» RECORDS SHOWN
§ §
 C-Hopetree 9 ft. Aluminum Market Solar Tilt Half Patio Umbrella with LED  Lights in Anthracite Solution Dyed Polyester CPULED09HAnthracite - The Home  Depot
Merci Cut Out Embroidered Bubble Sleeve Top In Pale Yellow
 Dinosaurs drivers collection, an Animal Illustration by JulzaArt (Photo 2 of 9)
§ §
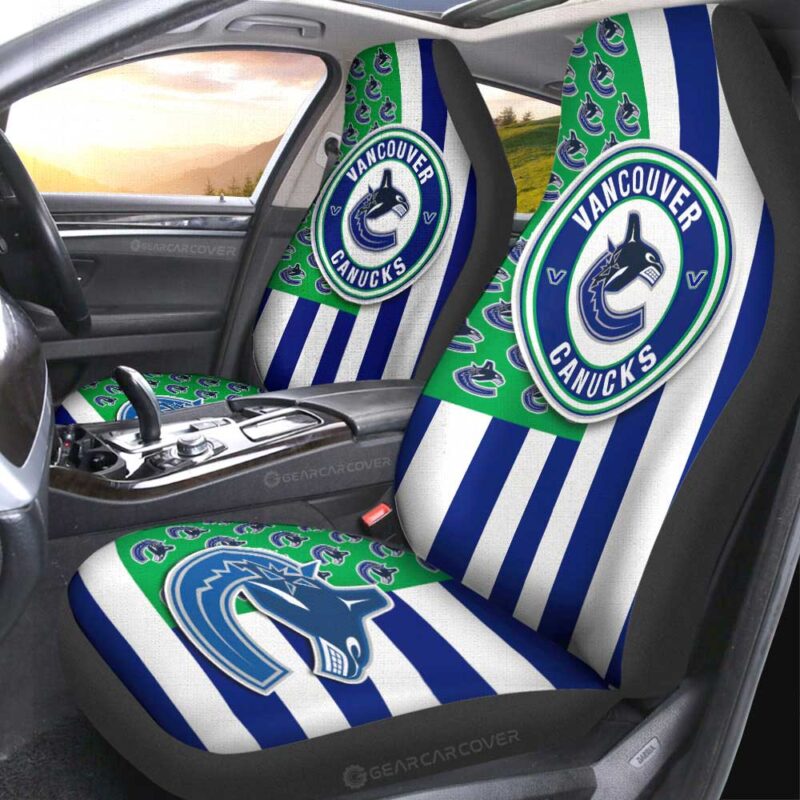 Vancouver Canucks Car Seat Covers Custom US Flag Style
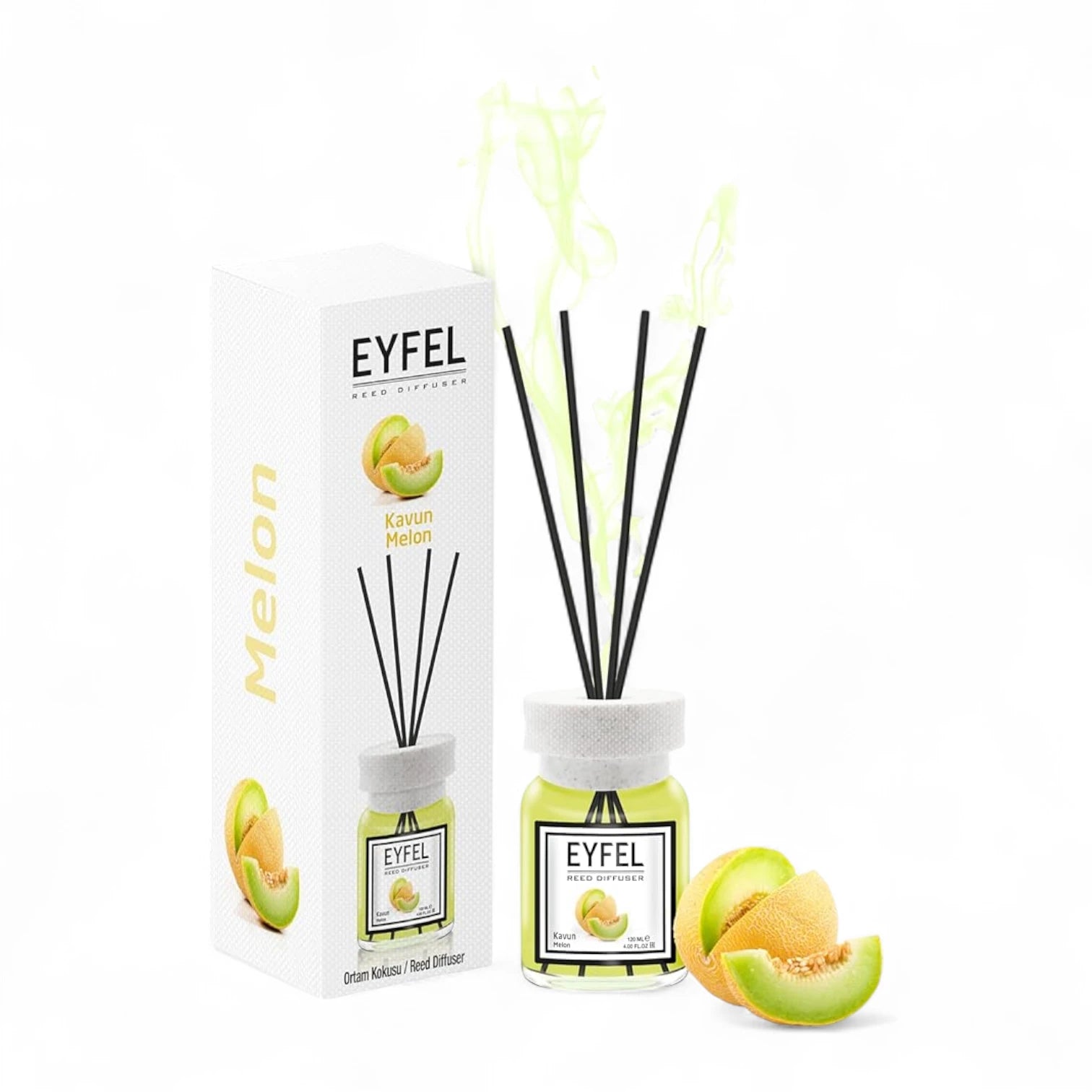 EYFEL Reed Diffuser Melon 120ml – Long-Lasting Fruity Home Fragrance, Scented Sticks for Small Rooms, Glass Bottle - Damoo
§ §
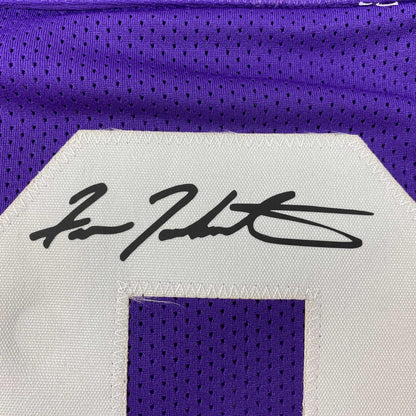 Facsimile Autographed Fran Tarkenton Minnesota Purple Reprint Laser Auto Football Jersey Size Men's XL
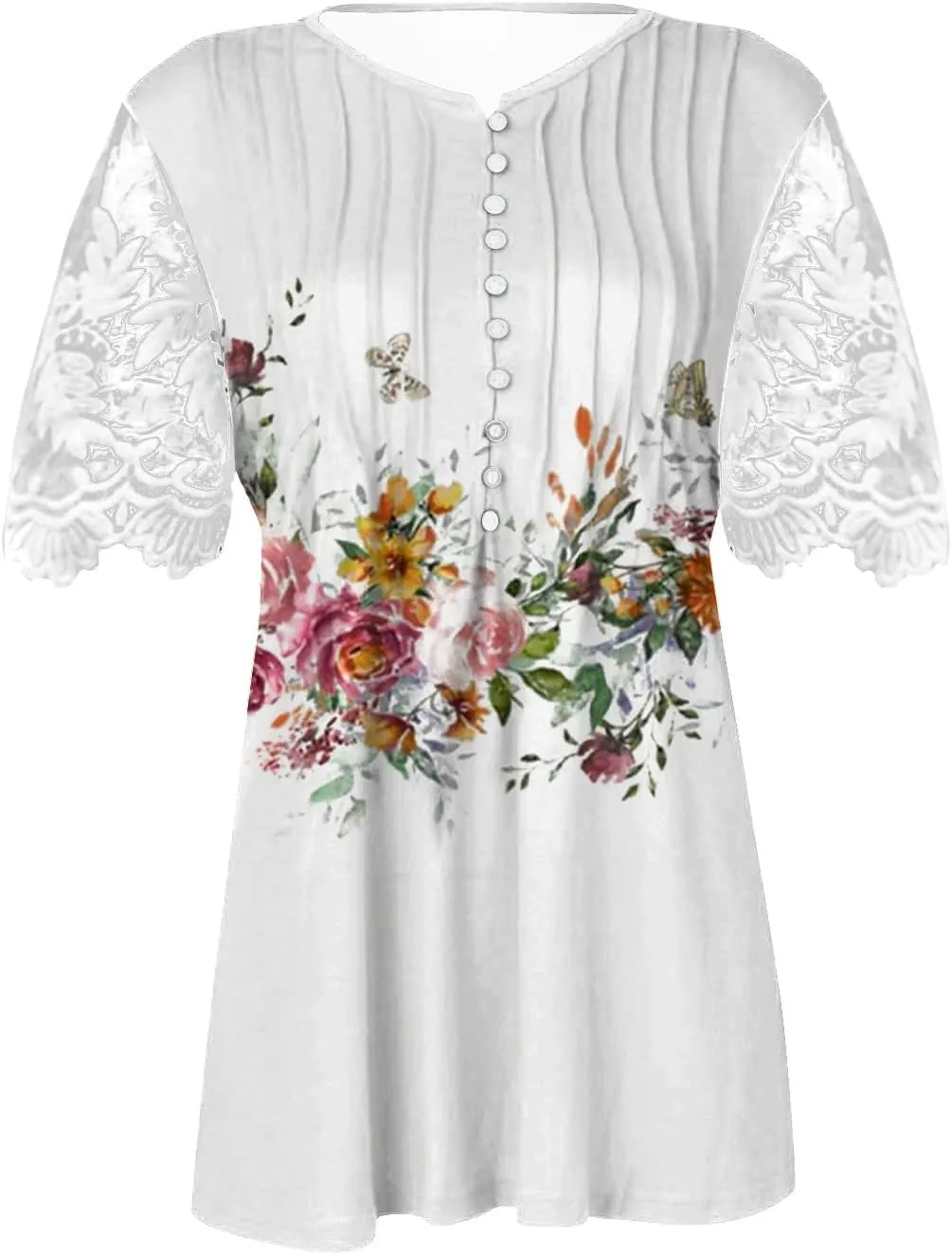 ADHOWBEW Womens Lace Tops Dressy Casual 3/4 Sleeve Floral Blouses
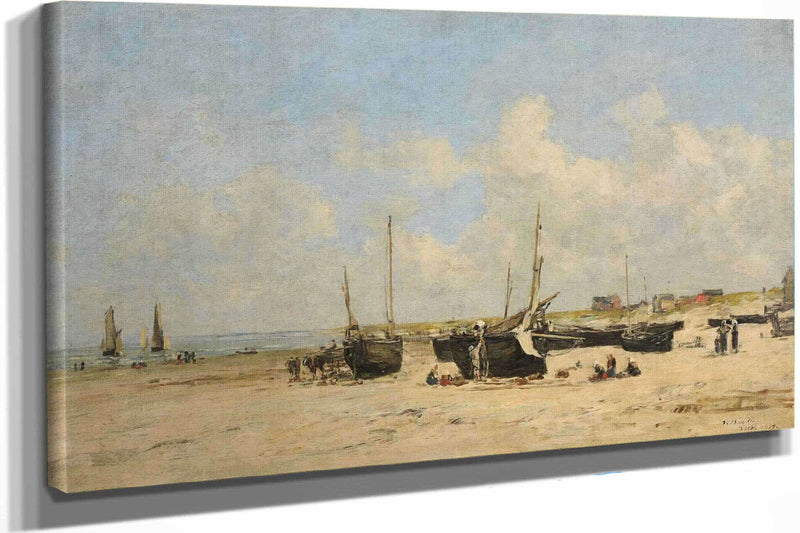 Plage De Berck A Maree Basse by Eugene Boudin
§ §
» PROBLEM DETAILS
Write back word for word every line in the entries above from the one with "Facsimile Autographed Fran" to the one with "Plage De Berck", ends included, and none of the pictures.

» ANSWER FOR THIS EXERCISE
 Facsimile Autographed Fran Tarkenton Minnesota Purple Reprint Laser Auto Football Jersey Size Men's XL
 ADHOWBEW Womens Lace Tops Dressy Casual 3/4 Sleeve Floral Blouses
 Plage De Berck A Maree Basse by Eugene Boudin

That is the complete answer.